🤖 AI Summary
Existing studies lack a systematic analysis of how post-training processes shape large language models’ (LLMs) risk preferences in uncertain decision-making. Method: We propose the first integrated framework—grounded in behavioral economics and finance—that enables risk characterization, guidance, and controllable modulation of LLMs. Leveraging utility-theoretic modeling, multi-stage comparative analysis (pretraining, instruction tuning, RLHF), prompt engineering, and in-context learning, we quantify risk behavior across training stages.
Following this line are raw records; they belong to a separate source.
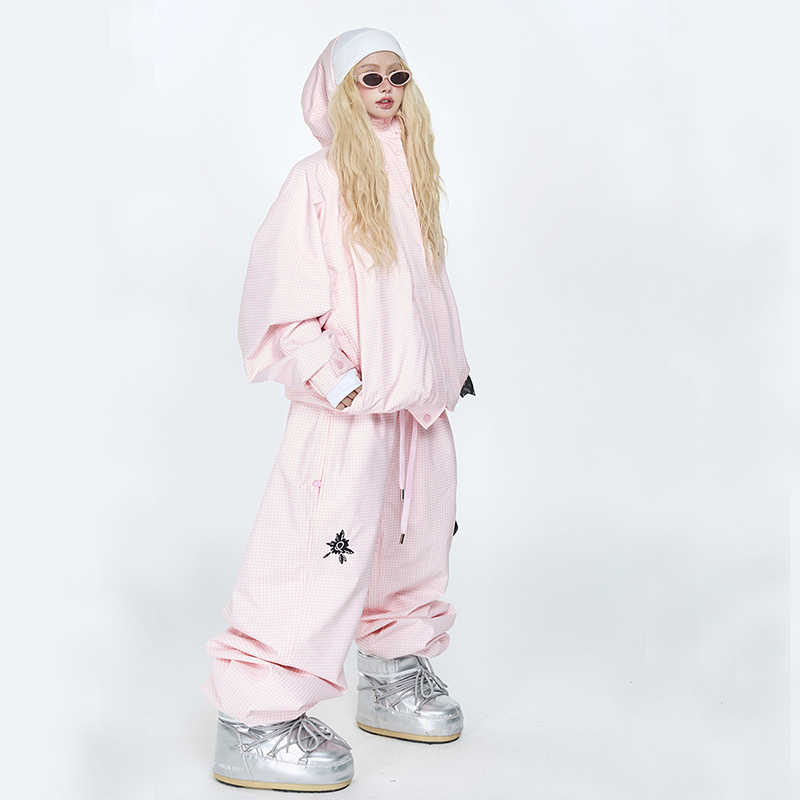 スノーボードウェア 2024 2025 上下セット レディース メンズ 防水20000 ジャケット アウター パンツ 韓国風 防水防寒防雪保温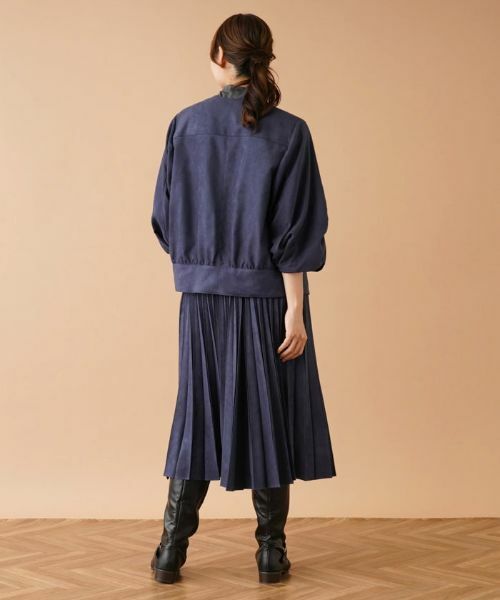 Leilian PLUS HOUSE / レリアンプラスハウス テーラードジャケット | フェイクスエードジャケット | 詳細3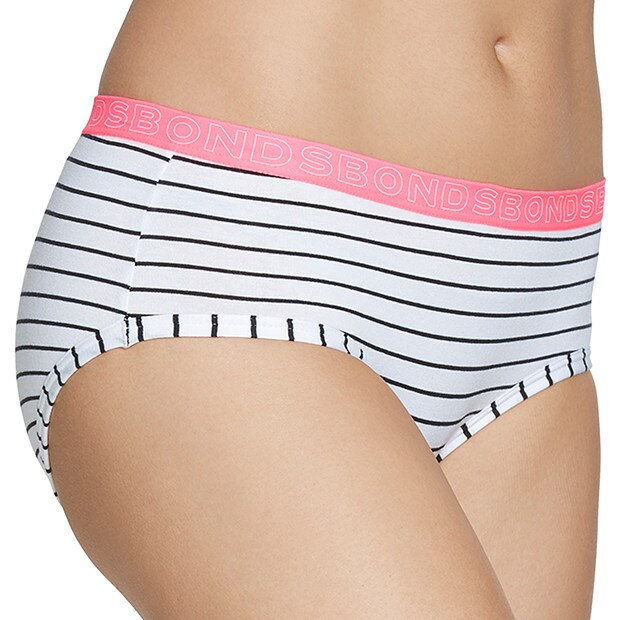 Bonds Hipster Boyleg Briefs - White Stripe Bonds Hipster Boyleg Briefs - White Stripe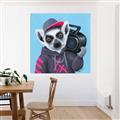 Picture of Music Lemur _GroupedProduct_Square_Unframed_Print_Only_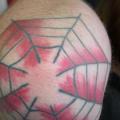 Arm Web tattoo by Atomic Tattoos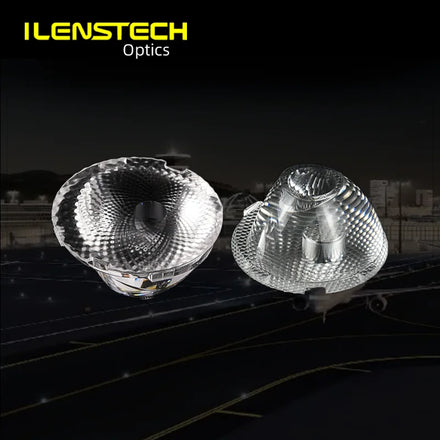 Asymmetric 25 Degree Led Wall Wash Lens Optical Lens Manufacturing
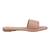suede Stylish Embriodery blue Flat Sandal For Women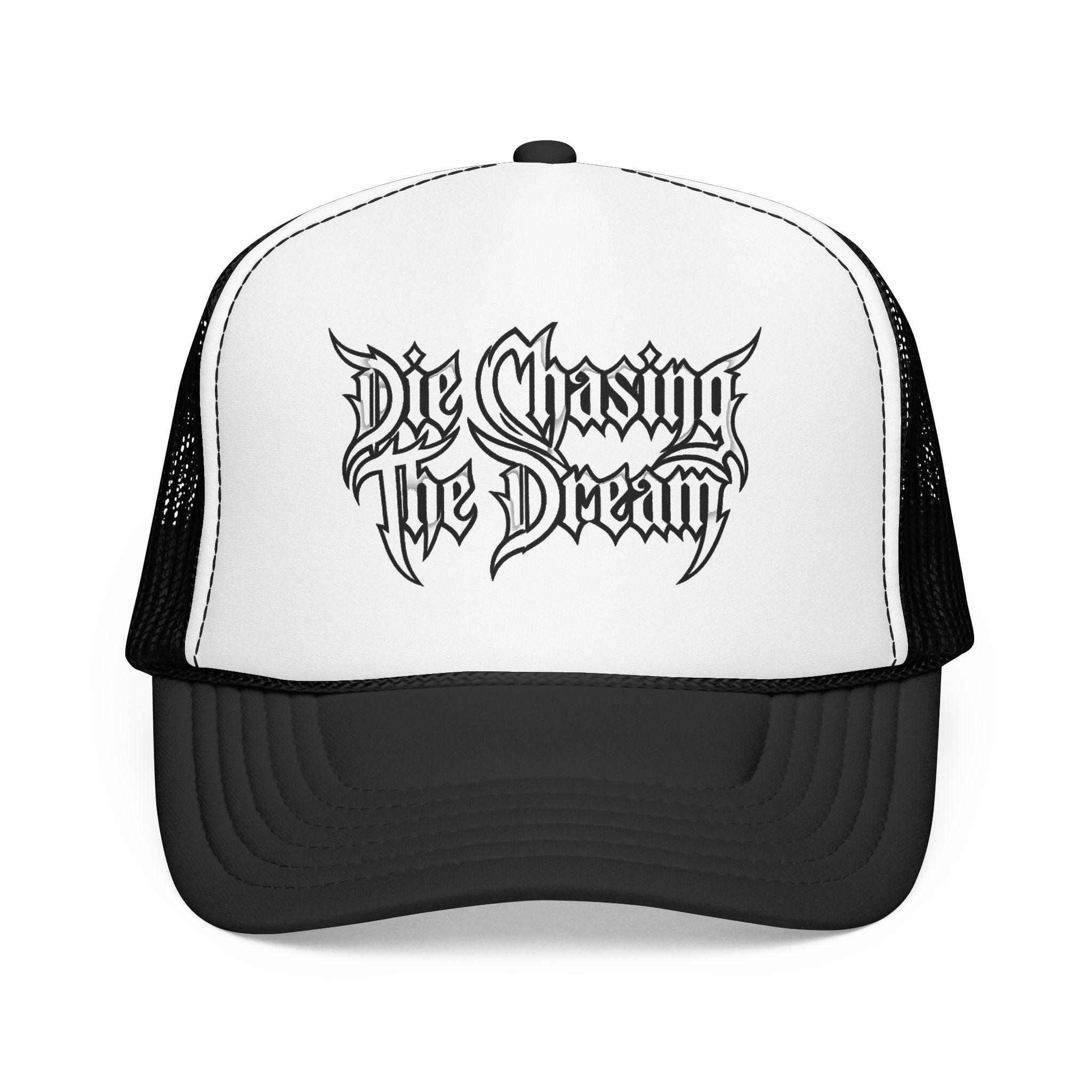 Die Chasing The Dream Trucker Hat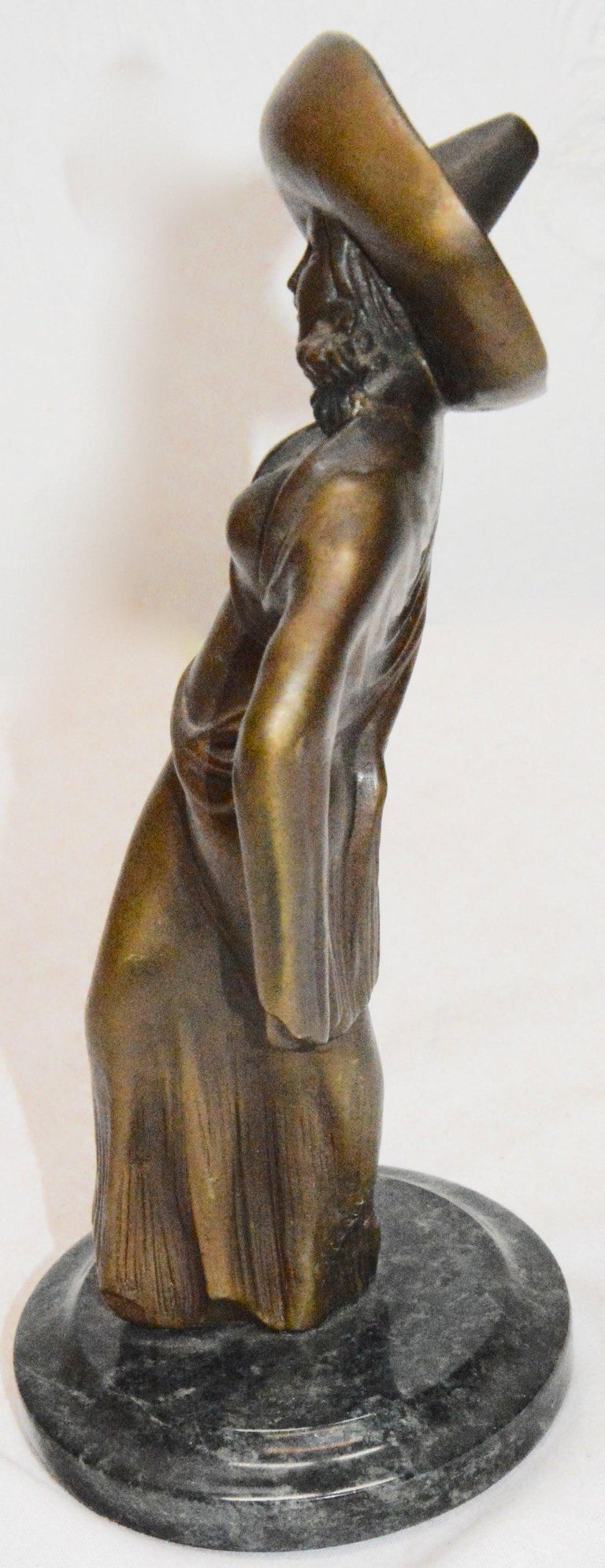 Chiparus Bronze Statue of Lady, Art Deco at 1stDibs
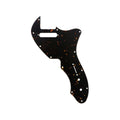 Tortoise shell patterned 4-ply pickguard for a Telecaster-style guitar.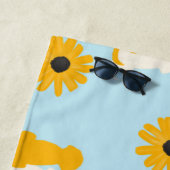 Serviette de plage pour bain de chien aux chiens e (En situation)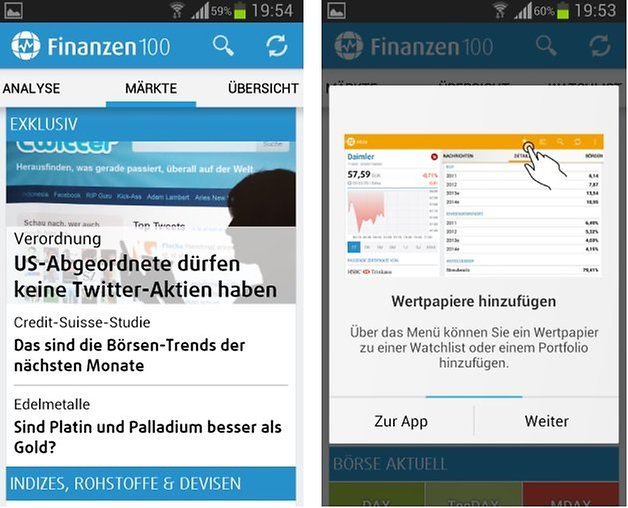 finanzen100 screenshot1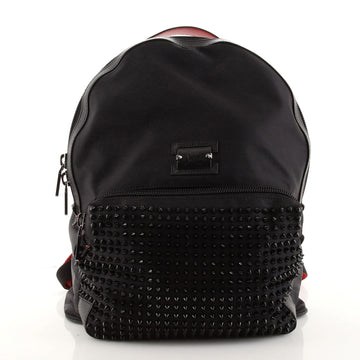 Christian Louboutin Backloubi Backpack Spiked Nylon Medium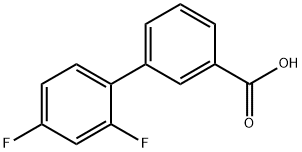 3-(2,4-Difluorophenyl)benzoic acid Struktur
Contribution/Results: We find instruction-tuned models best align with standard expected utility theory, whereas pretrained and RLHF-tuned models exhibit significant deviations. Crucially, post-training—particularly instruction tuning—proves to be the most stable and quantifiably controllable intervention point for calibrating LLM risk preferences. This establishes a novel paradigm for building trustworthy AI systems capable of principled, interpretable, and adjustable decision-making under uncertainty.
📝 Abstract
Large language models (LLMs) are increasingly used for decision-making tasks under uncertainty; however, their risk profiles and how they are influenced by prompting and alignment methods remain underexplored. Existing studies have primarily examined personality prompting or multi-agent interactions, leaving open the question of how post-training influences the risk behavior of LLMs. In this work, we propose a new pipeline for eliciting, steering, and modulating LLMs' risk profiles, drawing on tools from behavioral economics and finance. Using utility-theoretic models, we compare pre-trained, instruction-tuned, and RLHF-aligned LLMs, and find that while instruction-tuned models exhibit behaviors consistent with some standard utility formulations, pre-trained and RLHF-aligned models deviate more from any utility models fitted. We further evaluate modulation strategies, including prompt engineering, in-context learning, and post-training, and show that post-training provides the most stable and effective modulation of risk preference. Our findings provide insights into the risk profiles of different classes and stages of LLMs and demonstrate how post-training modulates these profiles, laying the groundwork for future research on behavioral alignment and risk-aware LLM design.